◆ MATERIAL FOR THIS EXERCISE
**********
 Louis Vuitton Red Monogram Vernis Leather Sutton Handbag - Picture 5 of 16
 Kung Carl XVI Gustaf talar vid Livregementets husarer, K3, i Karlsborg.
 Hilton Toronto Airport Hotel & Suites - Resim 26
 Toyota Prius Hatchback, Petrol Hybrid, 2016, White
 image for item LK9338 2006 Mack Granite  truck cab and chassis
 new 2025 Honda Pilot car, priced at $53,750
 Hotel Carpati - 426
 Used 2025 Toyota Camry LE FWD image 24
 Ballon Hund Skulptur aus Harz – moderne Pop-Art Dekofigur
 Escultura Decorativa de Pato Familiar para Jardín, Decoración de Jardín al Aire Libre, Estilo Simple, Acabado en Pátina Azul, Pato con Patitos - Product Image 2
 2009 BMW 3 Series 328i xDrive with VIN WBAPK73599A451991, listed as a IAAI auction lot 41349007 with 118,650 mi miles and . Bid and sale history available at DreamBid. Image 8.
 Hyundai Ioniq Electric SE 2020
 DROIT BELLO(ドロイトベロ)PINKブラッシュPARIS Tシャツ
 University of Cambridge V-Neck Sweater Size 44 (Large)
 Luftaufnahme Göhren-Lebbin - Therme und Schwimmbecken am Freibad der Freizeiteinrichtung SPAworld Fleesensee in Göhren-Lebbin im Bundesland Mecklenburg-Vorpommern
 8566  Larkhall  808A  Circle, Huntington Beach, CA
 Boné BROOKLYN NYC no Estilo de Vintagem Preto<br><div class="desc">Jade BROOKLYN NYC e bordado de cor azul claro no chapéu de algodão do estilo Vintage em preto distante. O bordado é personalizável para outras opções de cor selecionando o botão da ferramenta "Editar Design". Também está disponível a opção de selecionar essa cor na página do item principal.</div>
**********
◆ WHAT TO DO
Each line from the material above that mentions the word "Toyota" needs to be copied.

◆ RESPONSE BELOW
 Toyota Prius Hatchback, Petrol Hybrid, 2016, White
 Used 2025 Toyota Camry LE FWD image 24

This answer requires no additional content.